Henüz daha üniversitenin ilk yıllarında Karl Marx yazmaya çok meraklıymış. O dönemde menekşe renginde olan bir defteri varmış. Bunun içini sürekli yazıyla doldururmuş. (Defterin rengi neden menekşe bilmiyorum. Önyargılarımı tamamen devreye sokup buradan bir cinsel tercih analizine gitmemek için kendimi zor tutuyorum. Şu aralar ben Goebbels´i inceliyorum. Bu renkteki bir yazı defterinin Goebbels´e yakışacağına eminim. Çünkü bence o kesinlikle eşcinseldi ve üstelik Hitler ile de ilişkisi vardı. Bu öylesine ortaya atılıp da sonra unutulacak bir konu değil tabii ki... Hem Goebbels´in yeni yayınlanan anılarını okuyorum hem de ikincil kaynaklardan ikisi arasındaki ilişkileri irdeliyorum. Yakında bu mükemmel konu hakkında bir yazı mutlaka yazmayı planlıyorum).
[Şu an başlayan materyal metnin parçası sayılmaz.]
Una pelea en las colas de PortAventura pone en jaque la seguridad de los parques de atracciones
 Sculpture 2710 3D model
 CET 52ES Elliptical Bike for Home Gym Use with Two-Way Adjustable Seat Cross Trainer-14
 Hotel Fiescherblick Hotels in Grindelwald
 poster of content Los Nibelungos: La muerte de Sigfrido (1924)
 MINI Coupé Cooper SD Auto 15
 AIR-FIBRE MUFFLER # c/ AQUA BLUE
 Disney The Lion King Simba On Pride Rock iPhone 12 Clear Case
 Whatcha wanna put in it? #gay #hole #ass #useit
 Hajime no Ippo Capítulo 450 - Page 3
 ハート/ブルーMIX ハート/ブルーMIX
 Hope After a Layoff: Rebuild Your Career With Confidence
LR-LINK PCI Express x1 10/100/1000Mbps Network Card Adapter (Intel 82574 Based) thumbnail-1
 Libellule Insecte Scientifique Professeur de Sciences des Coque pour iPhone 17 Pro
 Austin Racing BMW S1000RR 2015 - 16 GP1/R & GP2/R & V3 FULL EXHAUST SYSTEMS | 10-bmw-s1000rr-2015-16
Neyse; biz genç Marx´a dönelim. Marx ile babası arasında çok kaliteli, çok hoş bir ilişki olduğunu görüyorum ben. Babası, Marx´a `hayatta başarılı olmak istiyorsan şunu yaz, şöyle yaz´ diye durmadan tavsiyelerde bulunuyormuş. İlk önce şiirler yazıp etrafa göndermesini tavsiye etmiş. Karl Marx da bunu yapmış tabii ki... (2008 Türkiye´sinde yaşıyor olsaydı Karl Marx, eminim çok popüler bir genç adam olurdu. Çünkü bizde eline her kalem alabilen, arabesk türkü söylemeyi bilen her insan, kendisini şair sanıyor.Örneğin adam evlenme programına çıkıyor,-evet böyle bir program da var-kadınlara ya türkü söylüyor ya da göbek atıyor, hiçbirisini başaramazsa kendi yazdığı şiiri okuyor. Bu ortamda Karl Marx´ın büyük, hatta destansı bir şair olmaması için hiçbir neden bulunmuyor tabii ki...)
Neyse; babası Marx´a `şiir yaz´ tavsiyesinden sonra `düz yazı da yaz´ demiş ve menekşe renkli kitap bu sefer de denemelerle, romanlarla dolmaya başlamış.